Additionally Arnetta Van Norden, who lived 100 yards from the well testified:

“We live about half way from Broadway to the well.  About 8 or 9 o’clock in the evening, my husband heard a noise, and he stood up and observed it was from the well.  I then looked through the window, and we heard a woman cry out from towards the well, ‘Lord have mercy on me, Lord help me.”

manhattanwell

According to the Wall Street Journal:

“In 1817, a four-story building was built at 129 Spring Street, just south of the well.  An 1872 Harper’s Weekly article stated that the well was located “in the rear of a carpenters shop at the end of an alley, No. 89½ Greene Street, a hundred feet or more north of Spring Street.”

During the years of 1852-1853 and 1854-1855, the Manual of the Corporation of the City of New York lists 129 Spring Street as the location of a pawnbroker named Leah Silver.

According to Angela Serratore of the Paris Review the area around the well was home to a brothel and an anti-tobacco shop:

In a small town, the well might’ve become a legendary destination, frequented by tourists and sulky, rebellious teenagers, but lower Manhattan refused to stay put, and soon the only physical reminder of Elma Sands was covered up. In the 1820s, the once-bucolic meadow became a neighborhood full of upper-middle-class row homes, including one at 129 Spring Street, which is today the legal address of the well. By midcentury, it was a destination for shopping, entertaining, and sinning.

Just half a block down from the well, at no. 111 Spring Street, there existed a brothel kept by a Mrs.
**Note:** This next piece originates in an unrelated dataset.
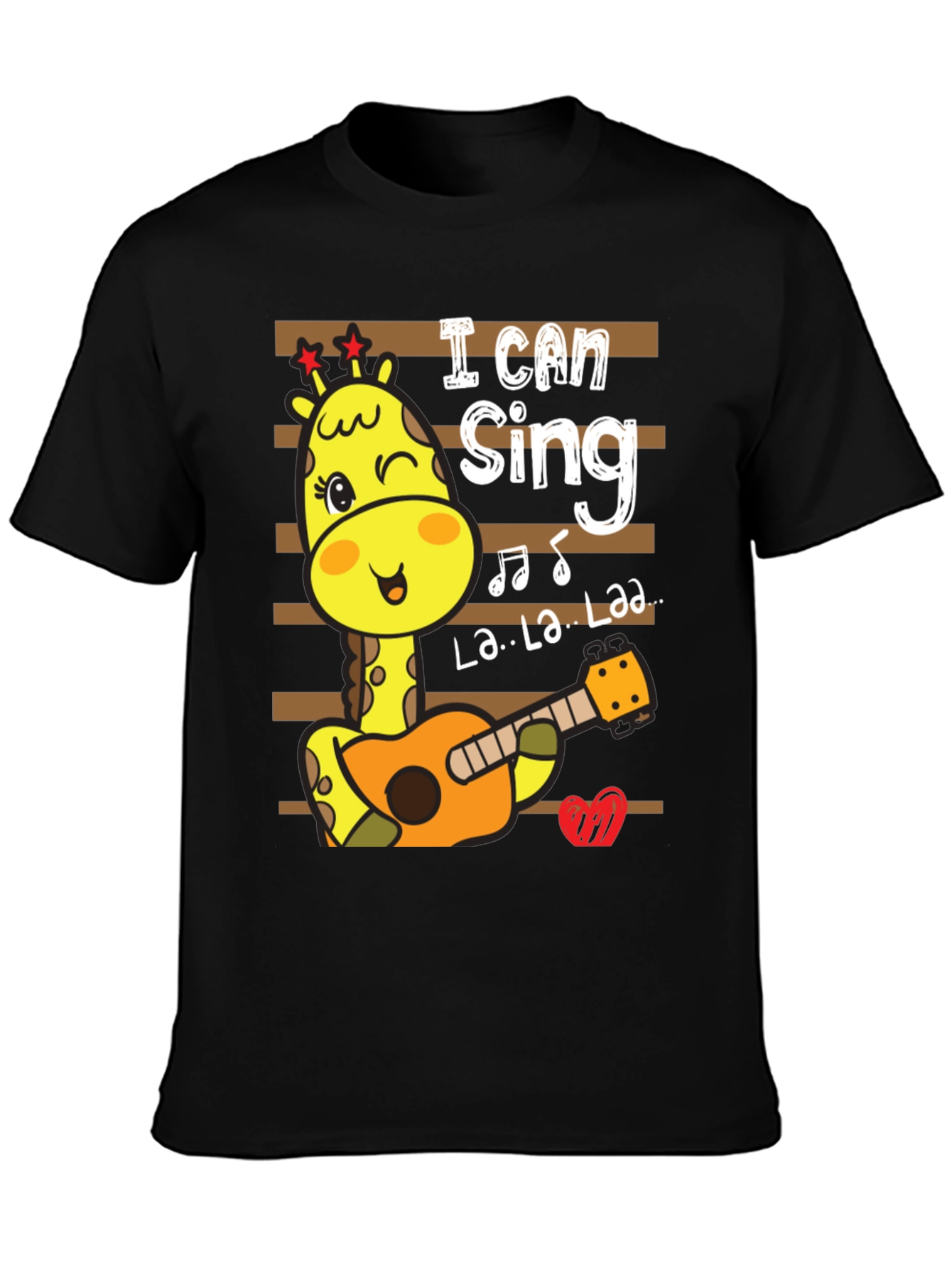 Cute Giraffe Singing T-Shirt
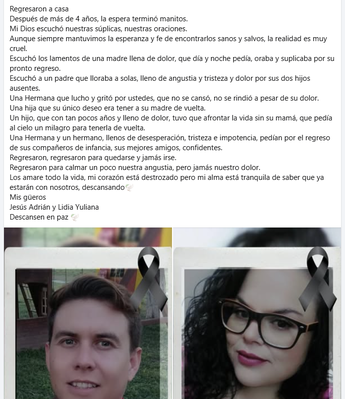 Anahí agradeció a todos los que se unieron en la búsqueda de sus hermanos. | Especial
Hattie Taylor, described in an 1870 guide to whorehouses as “a third class house, where may be found the lowest class of courtezans. It is patronized by roughs and rowdies, and gentlemen who turn their shirts wrong side out when the other side is dirty.” During this period, 129 Spring was a shop run by a Mr. O. Spotswood, the peddler of an antidote to tobacco addiction, leading the modern reader to ruminate upon the kind of person who, in 1862, is both hooked on smoking and desperate (one dollar for a packet of five remedies!) to quit.

On April 18, 1869, the New York Times published a paragraph about the well (containing some inaccurate statements about the trial):

“The old well, known as the Manhattan Well, down which was thrown the corpse of Gulielma Sands, murdered, as is believed, by her lover, Levi Weeks, some seventy years ago, and the locality of which had been forgotten, has been rediscovered by the occupant of the building No. 115 Spring-street.  The well was found while the flower-garden of No. 115 was being dug.  It is of large diameter and was covered over with large flat stones.
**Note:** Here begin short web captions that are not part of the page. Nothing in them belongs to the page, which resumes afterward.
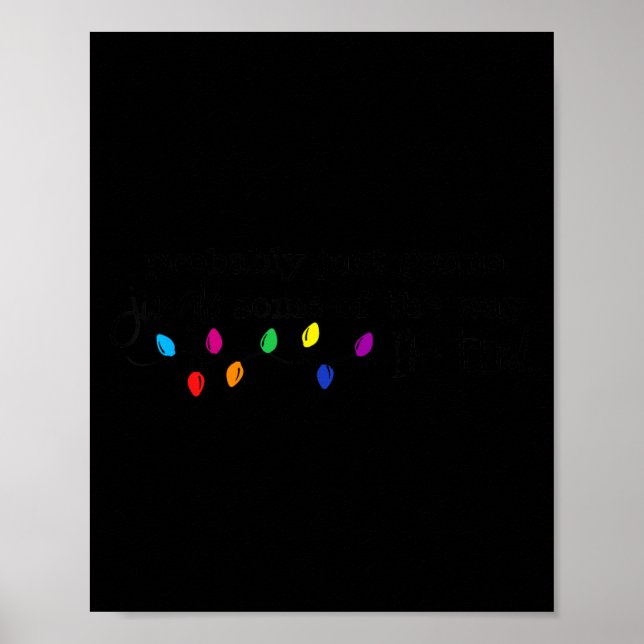 Poster Xmas Probably Just Gonna Jingle Some Of The Way I' (Devant)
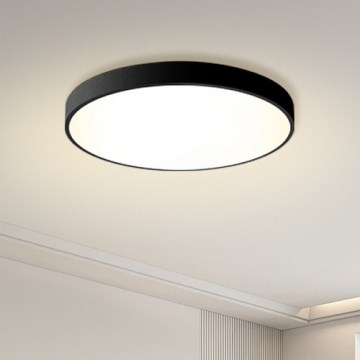 Brilagi - LED Lampa sufitowa regulowana POOL LED/60W/230V 3000-6000K średnica 60 cm czarna + pilot zdalnego sterowania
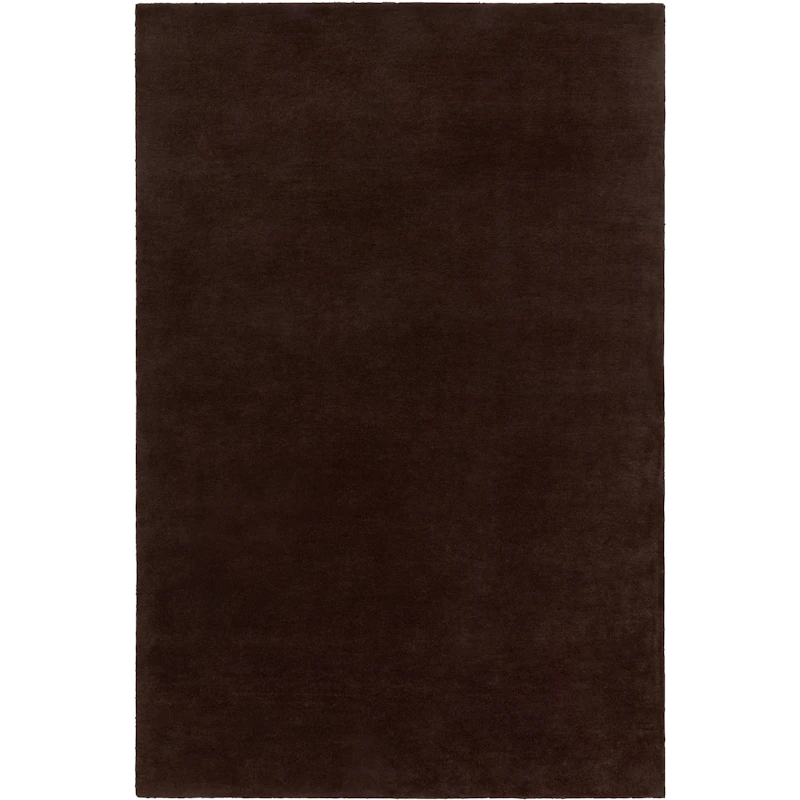 Nordic Plain Wool Rug 180x270 cm, Dark Brown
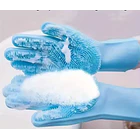 Guantes de Silicona para limpieza de Mascotas - Azul 2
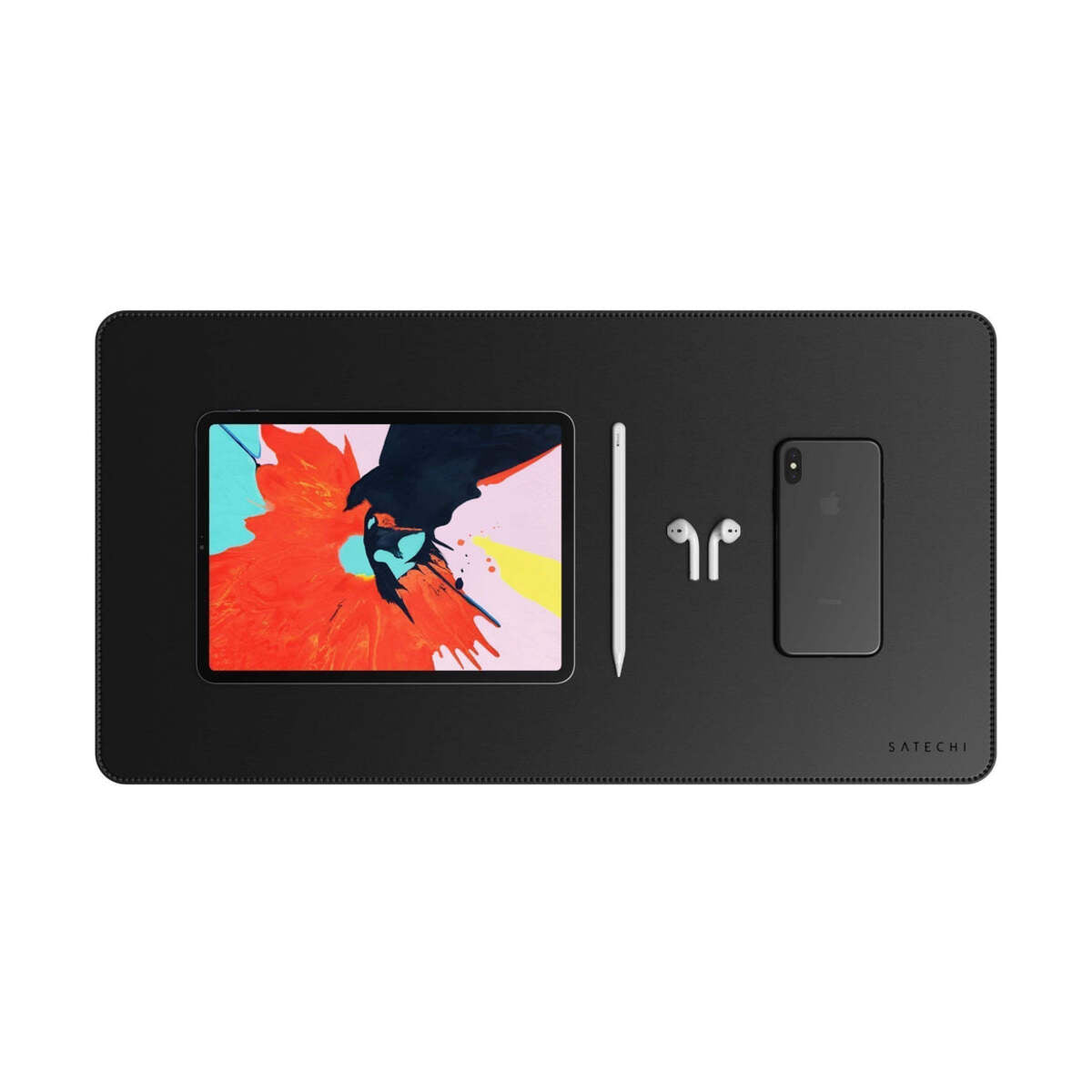 Satechi Eco Leather DeskMate - Black - iSTYLE SI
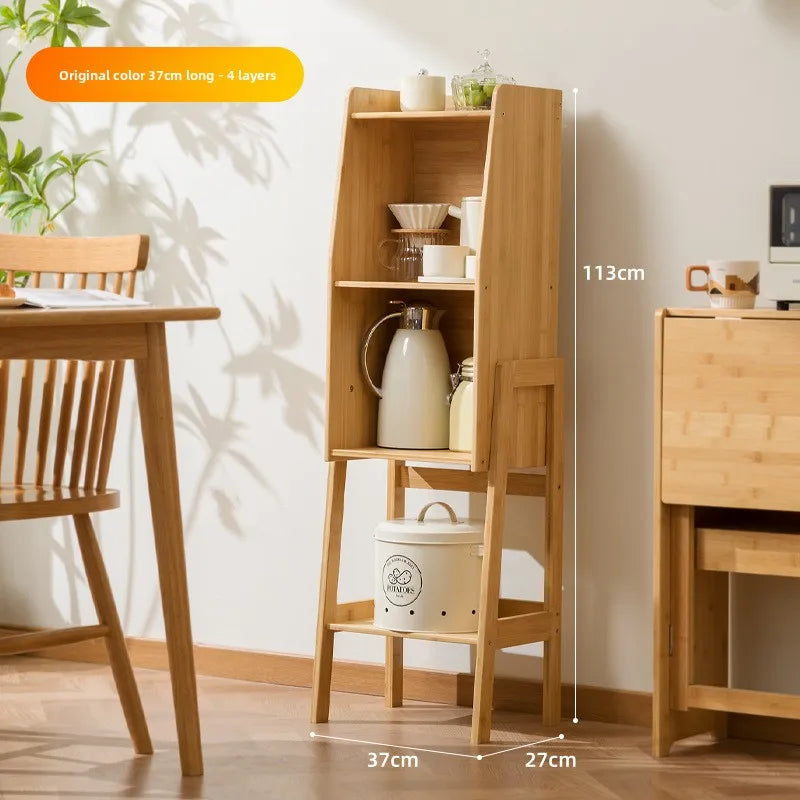 Kitchen rack Floor-to-ceiling multi-layer locker Edge storage cabinet Household multi-functional narrow gap crevice frame Oasis Select Primary medium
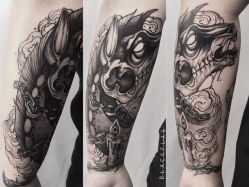 blackwork-黑旗纹身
The supposed murderer invited the girl Sands to take a ride with him one Winter’s evening, and that was the last seen of her alive.  Weeks was tried for the murder, and was defended by Aaron Burr, Alexander Hamilton and Edward P. Livingston.  The evidence was insufficient to convict, but he found it convenient to leave the City as soon as the trial was concluded.  The old well was known to exist, but its precise location had passed from the memory of the ‘oldest inhabitant.'”

On December 4, 1932, Bruce Rae of the New York Times noted in a book review:

“New Yorkers may be interested to know that they can still shout ‘Who killed Elma Sands’ into the very well where her body was found.  It stands in an alley off Greene Street just above Spring.”
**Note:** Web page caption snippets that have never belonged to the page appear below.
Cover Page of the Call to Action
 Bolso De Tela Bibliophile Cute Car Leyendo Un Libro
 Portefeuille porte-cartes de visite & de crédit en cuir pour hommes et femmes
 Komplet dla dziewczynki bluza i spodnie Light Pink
The Wall Street Journal reported in 2011 that the DaGrossa family, who owned the property at 129 Spring Street and ran it as the Manhattan Bistro, excavated their basement in 1980 and found the well “buried in a dirt-filled area off the basement.”  While the Manhattan Bistro was in existence, the well was kept in the basement and was not on public display.

Several websites mention the well and discuss the murder mystery.  In 2013 Curbed NY named the well one of the thirteen most haunted places in New York City (along with Morris-Jumel Mansion, St. Mark’s Church in-the-Bowery, and others).

Picture from WSJ: http://www.wsj.com/articles/SB10001424052970204644504576651252000172140

 

Currently, the well is open to the public in the men’s department of the COS clothing store.  I visited the store during my visit to New York last month.  The well now has some stylish mannequins around it and seems to be doing quite well.  Talk about living history!